■ Task ■
Exact copy, no pictures: every line from the one that contains "Connected Sz 12" through the end of the data below, and nothing else.

■ Given information ■

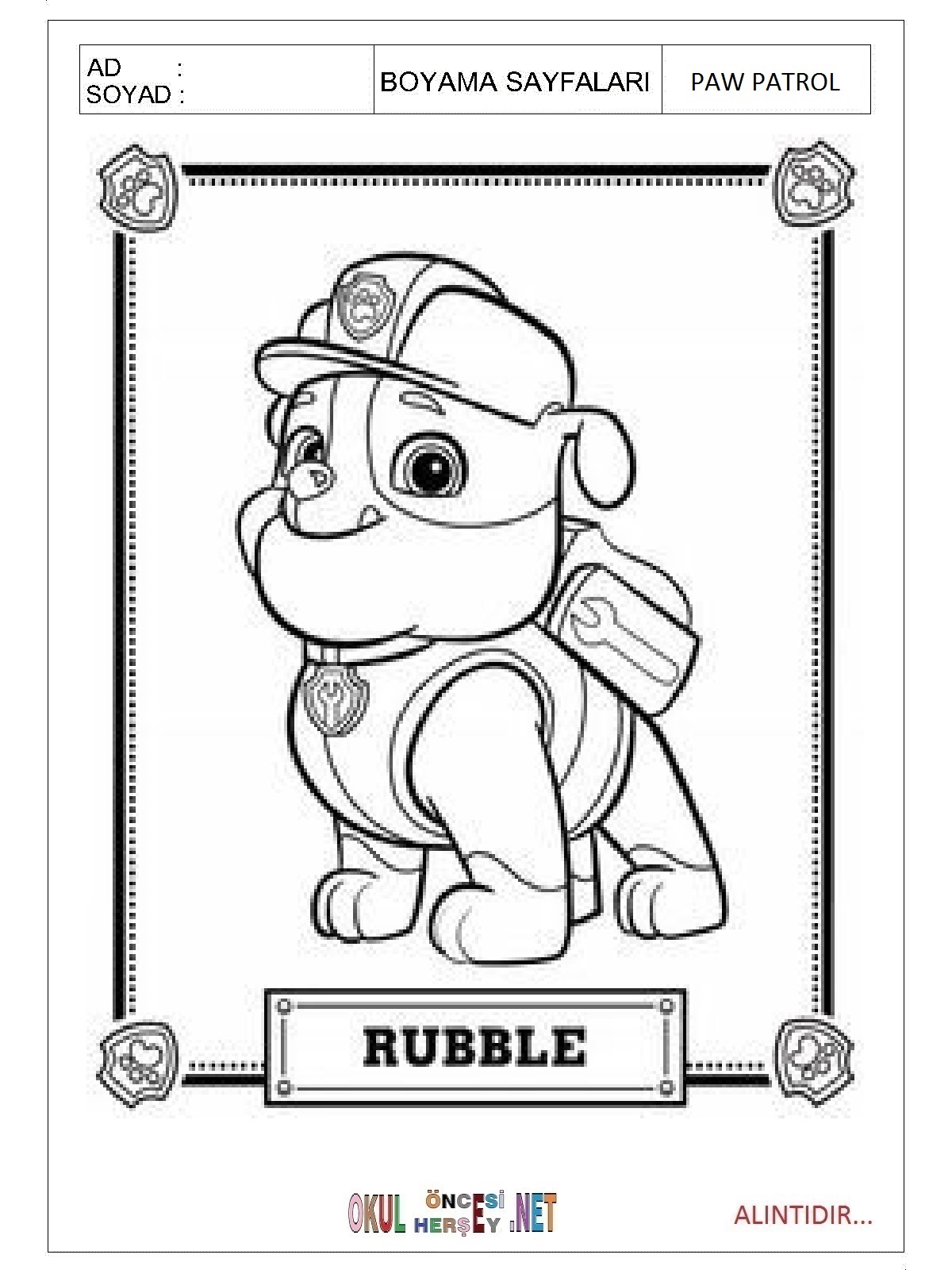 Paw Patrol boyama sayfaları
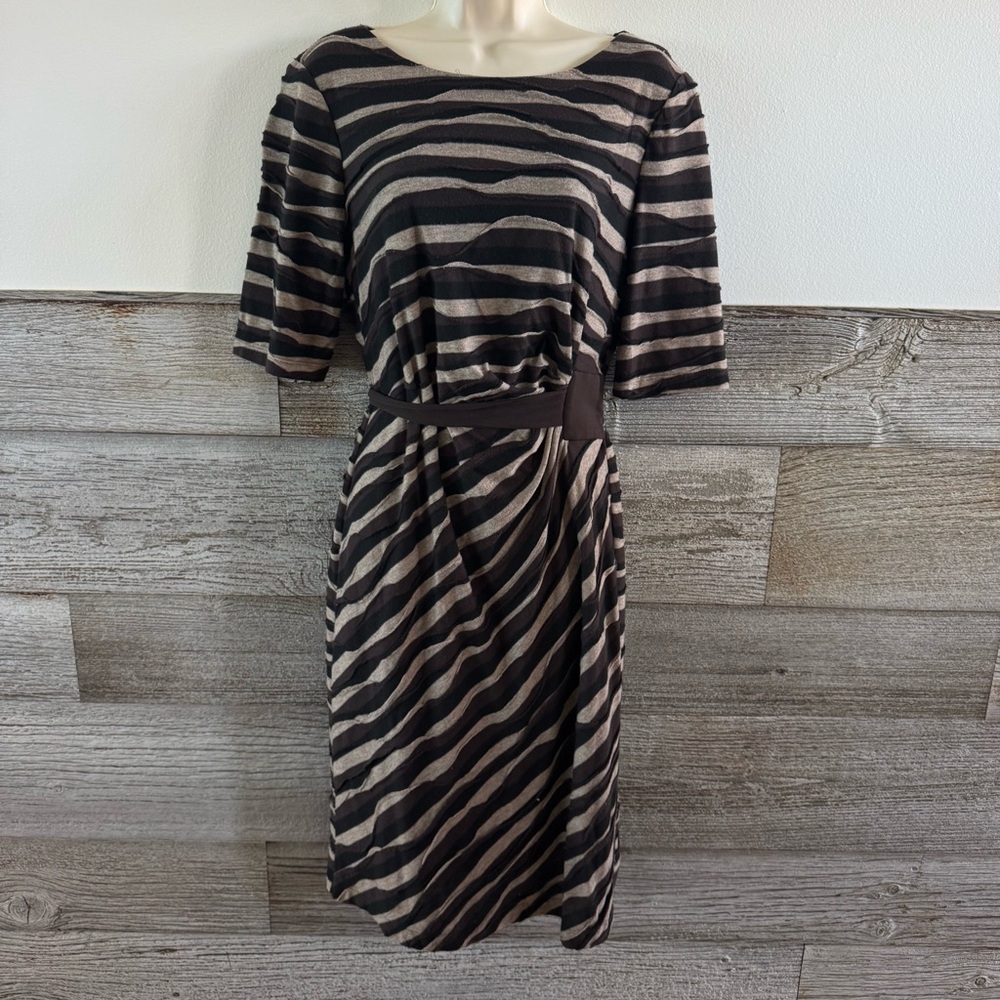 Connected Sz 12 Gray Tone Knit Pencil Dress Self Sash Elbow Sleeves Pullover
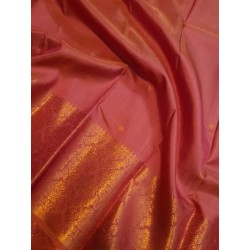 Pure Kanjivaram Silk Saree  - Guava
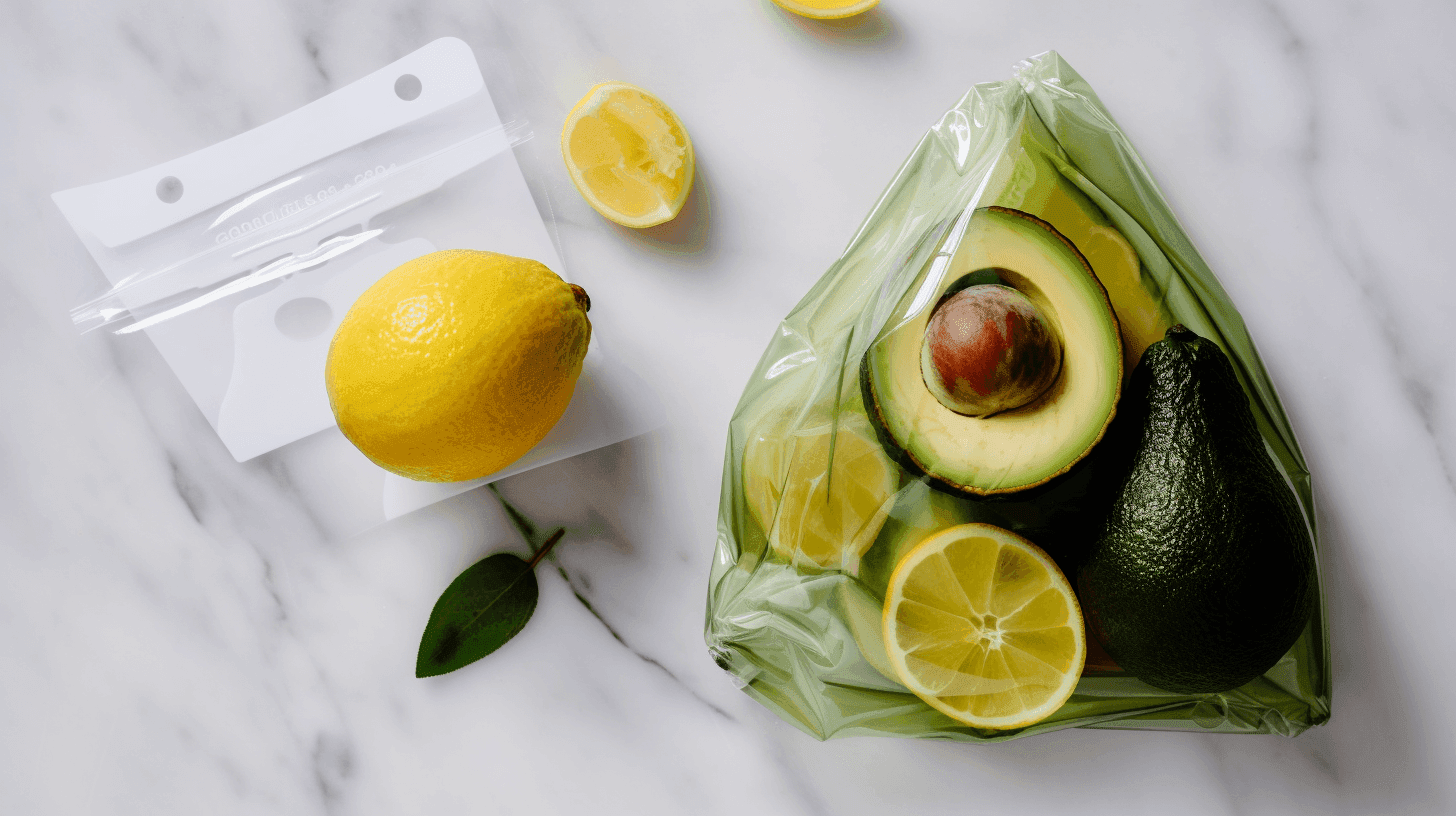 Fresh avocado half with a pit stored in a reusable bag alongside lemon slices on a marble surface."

■ Exercise answer ■
 Connected Sz 12 Gray Tone Knit Pencil Dress Self Sash Elbow Sleeves Pullover
 Pure Kanjivaram Silk Saree  - Guava
 Fresh avocado half with a pit stored in a reusable bag alongside lemon slices on a marble surface."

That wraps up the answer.